[DESCRIPTION OF THE TASK]
What you return must be the full data, repeated verbatim, with no pictures in it.

((

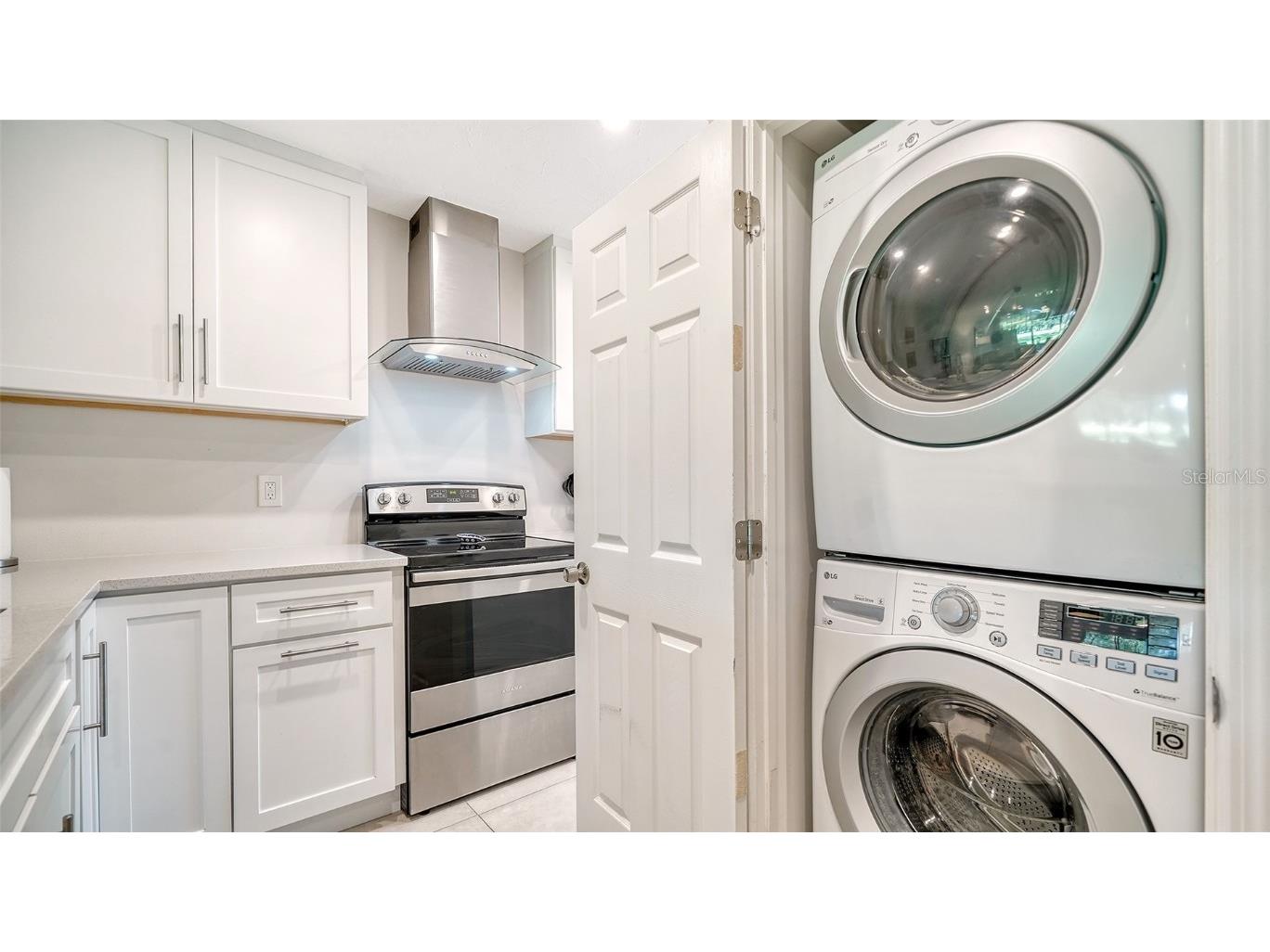 7820 Palm Aire Lane Sarasota FL 34243 A4659029 image22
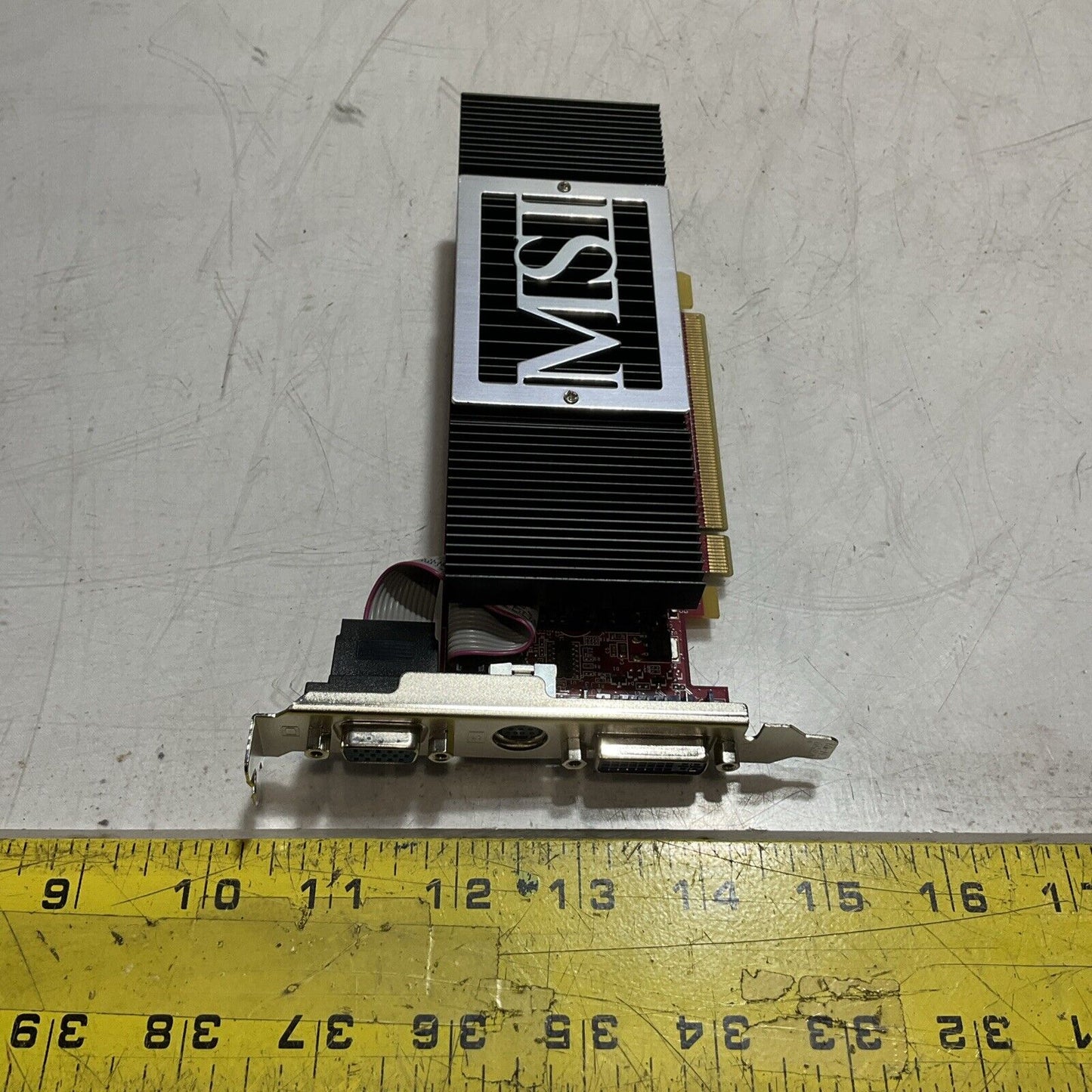 MSI  N8400GS-TD256 VIDEO OUTPUT  BOARD  U3S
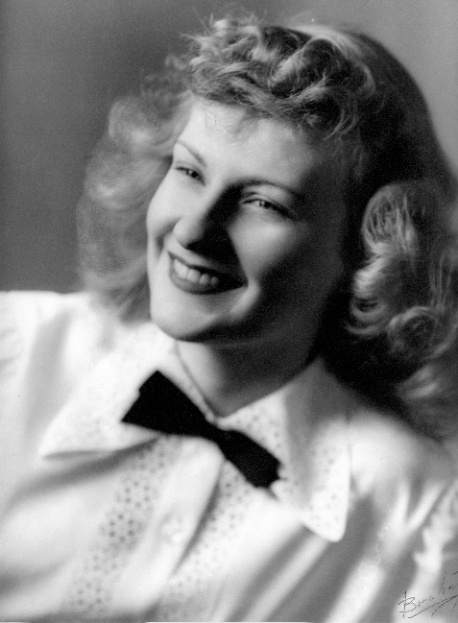 Betty Ruth (Roberson) Waggoner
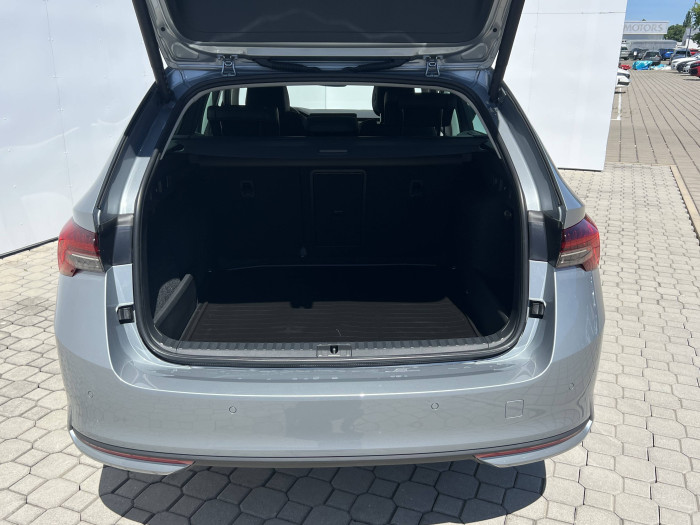 Škoda Octavia Combi 130 let Premium 7DSG 1,5TSI / 110kW na operativní leasing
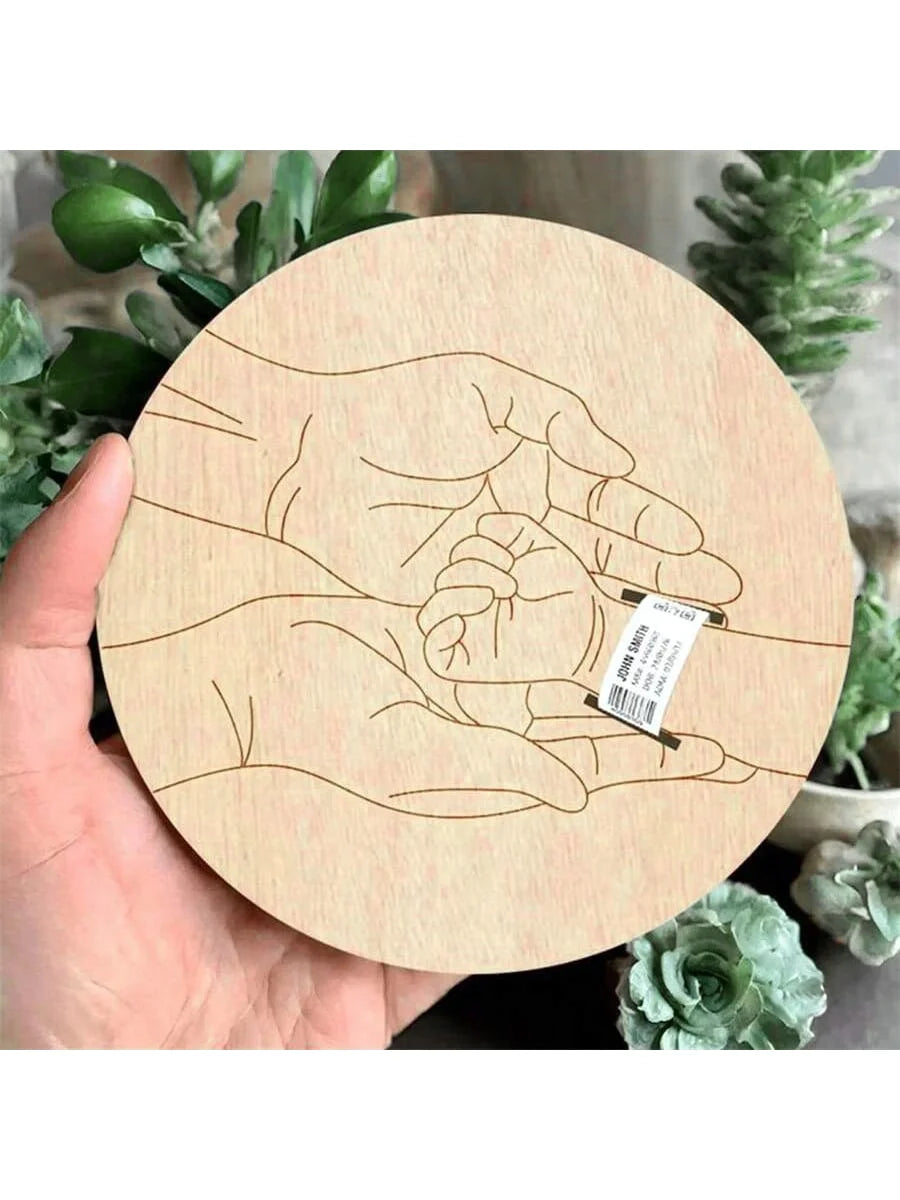 Newborn Baby Announcement Sign, Wooden Engraved Baby Birth Hospital Bracelet Holder Hello World Newborn Announcement Board Welcome Baby Shower Decor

))

[WRITTEN RESPONSE]
 7820 Palm Aire Lane Sarasota FL 34243 A4659029 image22
 MSI  N8400GS-TD256 VIDEO OUTPUT  BOARD  U3S
 Betty Ruth (Roberson) Waggoner
 Škoda Octavia Combi 130 let Premium 7DSG 1,5TSI / 110kW na operativní leasing
 Newborn Baby Announcement Sign, Wooden Engraved Baby Birth Hospital Bracelet Holder Hello World Newborn Announcement Board Welcome Baby Shower Decor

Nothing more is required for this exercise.